>Misaligned loads and stores are Zicclsm

Nope. See https://github.com/llvm/llvm-project/issues/110454 which was linked in the first issue. The spec authors have managed to made a mess even here.

Now they want to introduce yet another (sic!) extension Oilsm... It maaaaaay become part of RVA30, so in the best case scenario it will be decades before we will be able to rely on it widely (especially considering that RVA23 is likely to become heavily entrenched as "the default").

IMO the spec authors should've mandated that the base load/store instructions work only with aligned pointers and introduced misaligned instructions in a separate early extension. (After all, passing a misaligned pointer where your code does not expect it is a correctness issue.) But I would've been fine as well if they mandated that misaligned pointers should be always accepted. Instead we have to deal the terrible middle ground.

>atomic memory operations are made mandatory in Ziccamoa

In other words, forget about potential performance advantages of load-link/store-conditional instructions. `compare_exchange` and `compare_exchange_weak` will always compile into the same instructions.

And I guess you are fine with the page size part. I know there are huge-page-like proposals, but they do not resolve the fundamental issue.

I have other minor performance-related nits such `seed` CSR being allowed to produce poor quality entropy which means that we have bring a whole CSPRNG if we want to generate a cryptographic key or nonce on a low-powered micro-controller.

By no means I consider myself a RISC-V expert, if anything my familiarity with the ISA as a systems language programmer is quite shallow, but the number of accumulated disappointments even from such shallow familiarity has cooled my enthusiasm for RISC-V quite significantly.

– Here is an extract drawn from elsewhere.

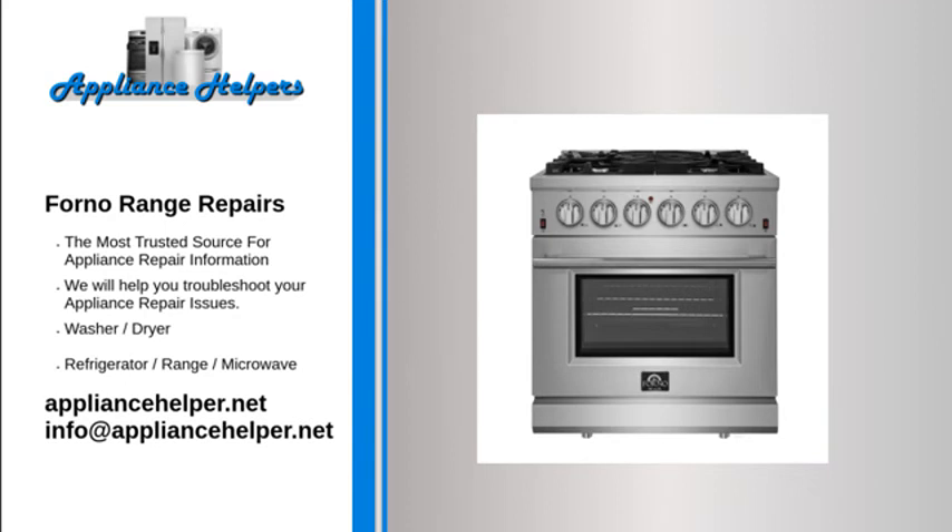Oven broiler not working. The broiler element may have burned out. When the broil element is heating properly, it glows red hot. If the element does not glow red, this indicates that the element is not heating. Often, if the element has burned out, it will be visibly damaged. Inspect the broil element for holes or blisters. To determine if the broil element has burned out, use a multimeter to test the element for continuity. If the broil element does not have continuity, replace it.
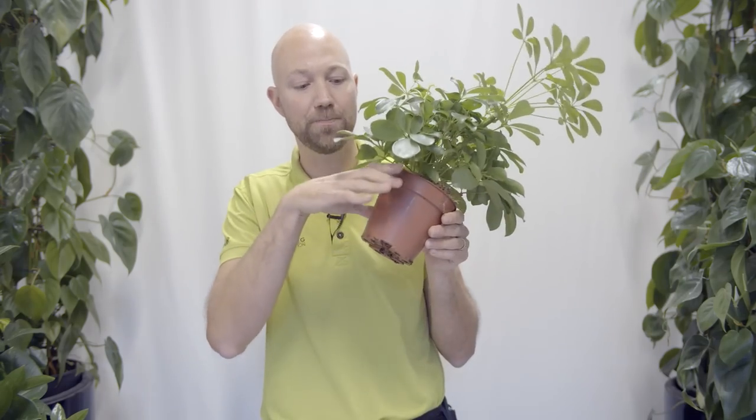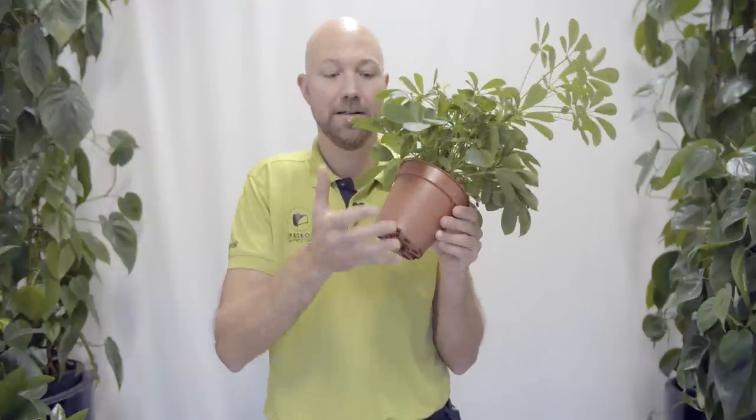If you can't have a bigger pot on your windowsill and need to keep it the same size, you can cut off some of the roots. We have a general rule: never cut away more than 30 percent of the entire root ball. Always cut the roots from the outside inward, keeping the roots closest to the stems. Start by cutting off the outer roots and work inward, but never more than 30 percent.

RISC-V truly is the RyanAir of processors: Oh, you want FP maths? That's an optional extra, did you check that when you booked? And was that single or double-precision, all optional extras at an extra charge. Atomic instructions, that's an extra too, have your credit card details handy. Multiply and divide? Yeah, extras. Now, let me tell you about our high-end customer options, packed SIMD and user-level interrupts, only for business class users. And then there's our first-class benefits, hypervisor extensions for big spenders, and even more, all optional extras.

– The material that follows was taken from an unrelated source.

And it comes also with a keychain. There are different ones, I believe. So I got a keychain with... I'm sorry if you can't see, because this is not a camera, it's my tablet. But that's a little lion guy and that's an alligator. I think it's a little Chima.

So it's modular. This is normally considered a good thing. It means you don't have to pay for features you don't need.

The ISA is open so there's no greedy corporation trying to upsell you. I mean there's an implementation and die area cost for each extension but it's not being set at an artificial level by a monopolist.

It's a good thing in many cases but not if you're going to be running applications distributed as binaries. Maybe if we go the Gentoo route of everybody always recompiling everything for their own system?

Then you stick to RVA23, which is comparable to ARMv9 and x86-64v4.

But that means a port of Linux can’t be to RISC-V, it has to be to a specific implementation of RISC-V, or if sufficient (which seems still debatable) to a specific common RISC-V profile.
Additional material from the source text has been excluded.